Dr. Aasef G. Shaikh MD,PhD

Functional Electrical Stimulation Institute

Membranes and Models - Towards Targeted Therapy of Opsoclonus

Grant Sponsor

Funded in partnership with The Viswanatha Family + Friends

Opsoclonus is the chaotic involuntary shaking of the eyes leading to a significant visual handicap and can be seen in those with various forms of cancers. It is difficult to treat opsoclonus, and available treatments have significant side effects and unpredictable responses. Opsoclonus typically occurs as a result of the body’s attack on one’s own brain cells. But how or why the immune attack on brain cells causes opsoclonus is still unknown. One hypothesis is that specific brain cells get excited by the immune attack and are unable to ‘turn off’ causing the brain circuit to reverberate. Those reverberations then manifest as opsoclonus. Dr. Aasef is planning to test that hypothesis using his Powered by Pablove grant and well developed computer simulation models to further our understanding of opsoclonus and identify potential treatment targets. 

 

In Dr. Shaikh’s own words:

Opsoclonus is the chaotic involuntary shaking of the eyes leading to a significant visual handicap. Typically occurring as a result of the body’s attack on one’s own brain cells, opsoclonus can be seen in those with various forms of cancers.
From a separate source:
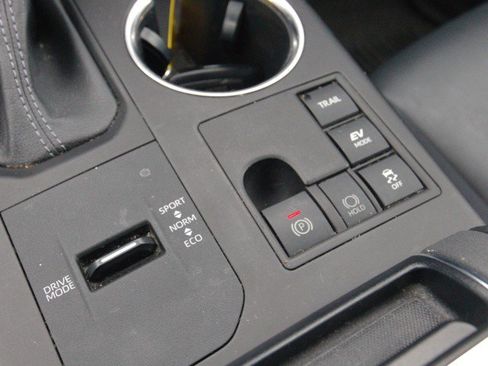 Used 2023 Toyota Highlander XLE AWD/4WD image 25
It is difficult to treat opsoclonus, and available treatments have significant side effects and unpredictable responses. Despite significant therapeutic challenges, it is still unknown how immune attack on the brain cells causes opsoclonus. We propose that opsoclonus is due to excessive excitation of specific types of brain cells, that causes the brain circuit to reverberate. The oscillations then manifest in opsoclonus. We will examine this question by complementary interdisciplinary approaches. We will first examine which types of proteins, that is ion channels and neurotransmitters, are present in brain cells that putatively cause opsoclonus. Then we will examine how such proteins are altered in brain cells in patients with opsoclonus. Once we know the profile of such proteins, we will refine computer simulations of the opsoclonus and further predict which type of drug therapy can be most effective in the treatment of opsoclonus by counteracting the ill effects of abnormally functioning cell proteins. The combined approach suggested in our proposal is unique and it has broad implications for understanding the mechanistic basis for opsoclonus and developing rational therapies.